→ Data shown:
-------------------------

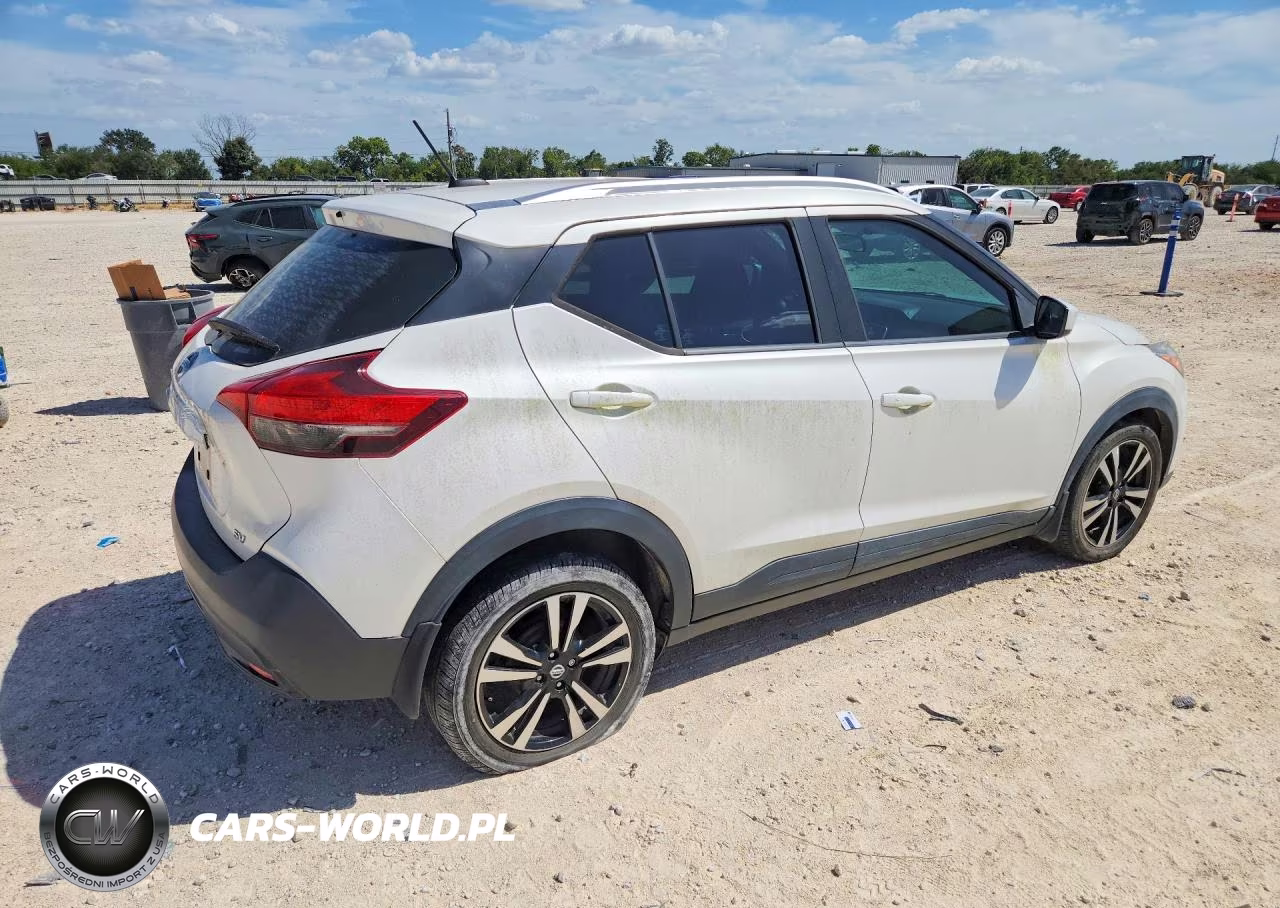 2018 Nissan Kicks Sv VIN:3N1CP5CU8JL537548 - 3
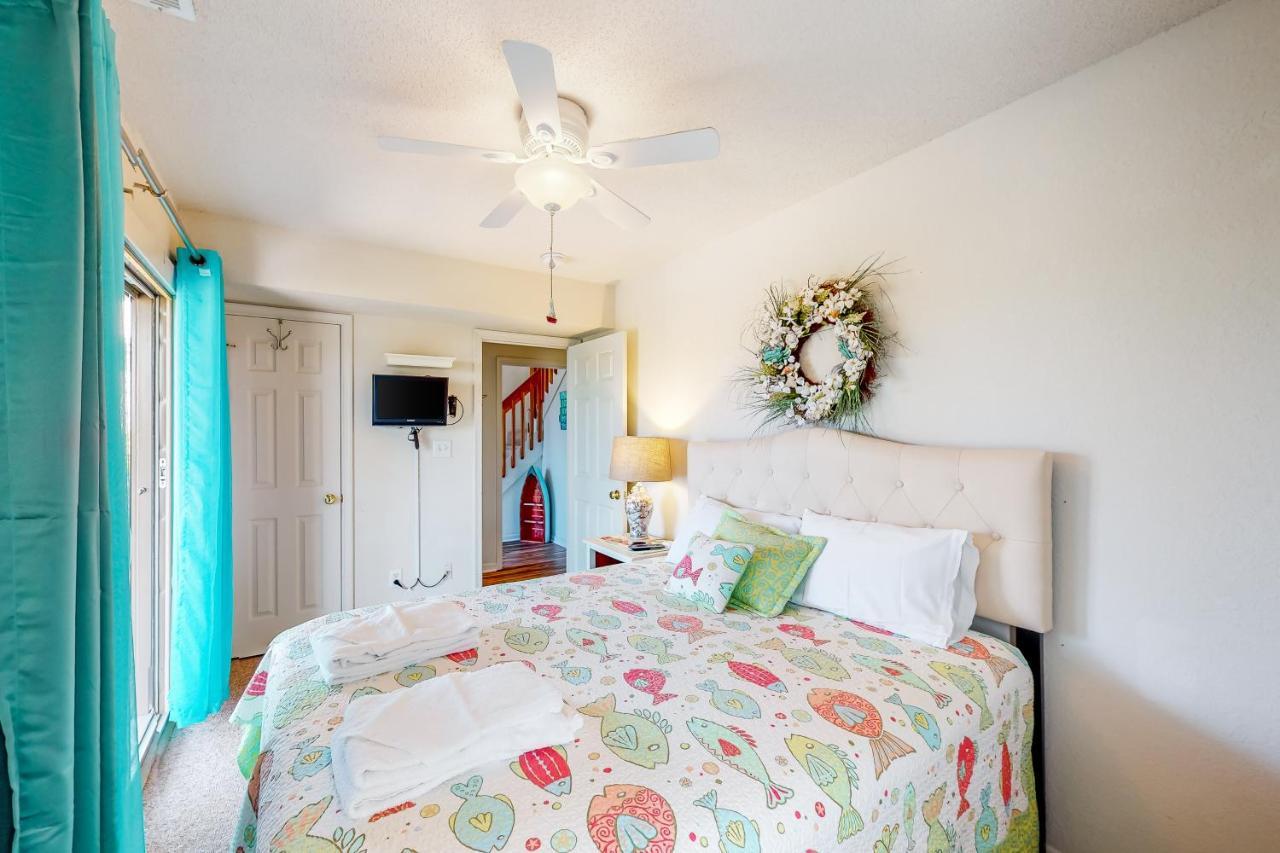 Villa Gizmo'S Getaway à Nags Head Extérieur photo
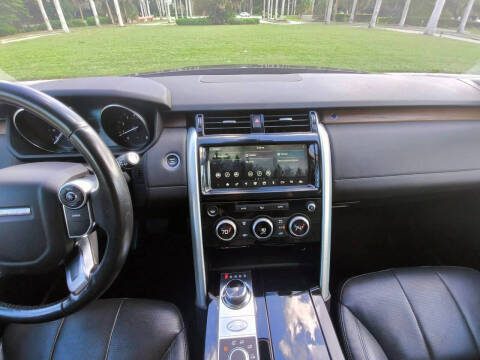 2017 Land Rover Discovery HSE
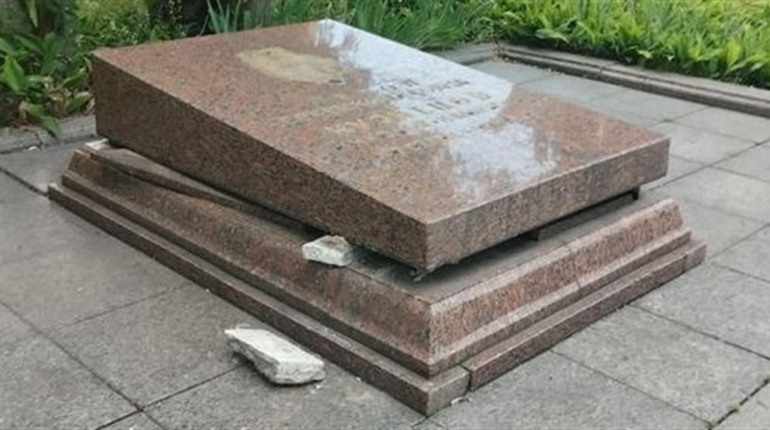 Прах розвідника, чиїм іменем було раніше названо Вараш, хотіли викрасти у Львові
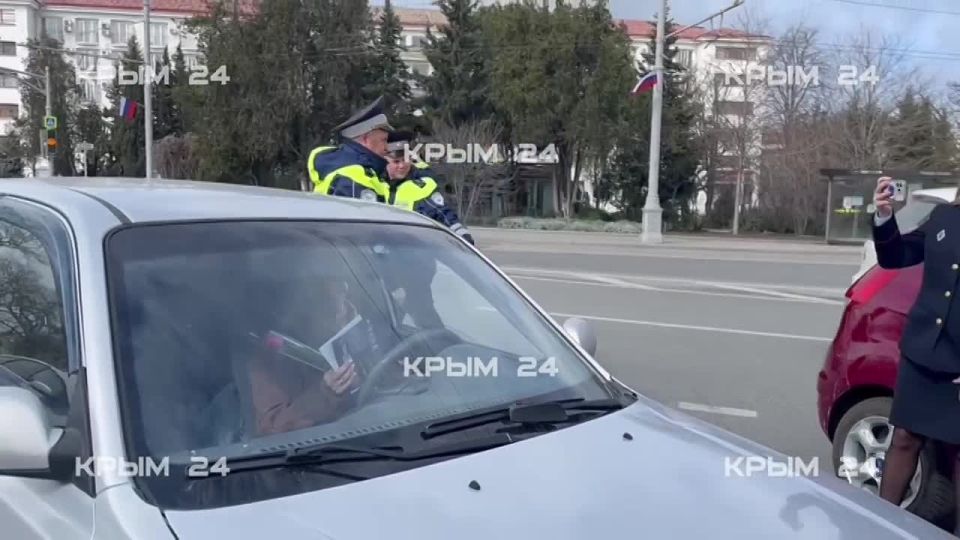 ��������������� ����������� ���������� ������-��������� � ����������� 8 �����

-------------------------

→ Task instructions:
Without including any image, reproduce the full listing above as written.

→ Output for this task:
 2018 Nissan Kicks Sv VIN:3N1CP5CU8JL537548 - 3
 Villa Gizmo'S Getaway à Nags Head Extérieur photo
 2017 Land Rover Discovery HSE
 Прах розвідника, чиїм іменем було раніше названо Вараш, хотіли викрасти у Львові
 ��������������� ����������� ���������� ������-��������� � ����������� 8 �����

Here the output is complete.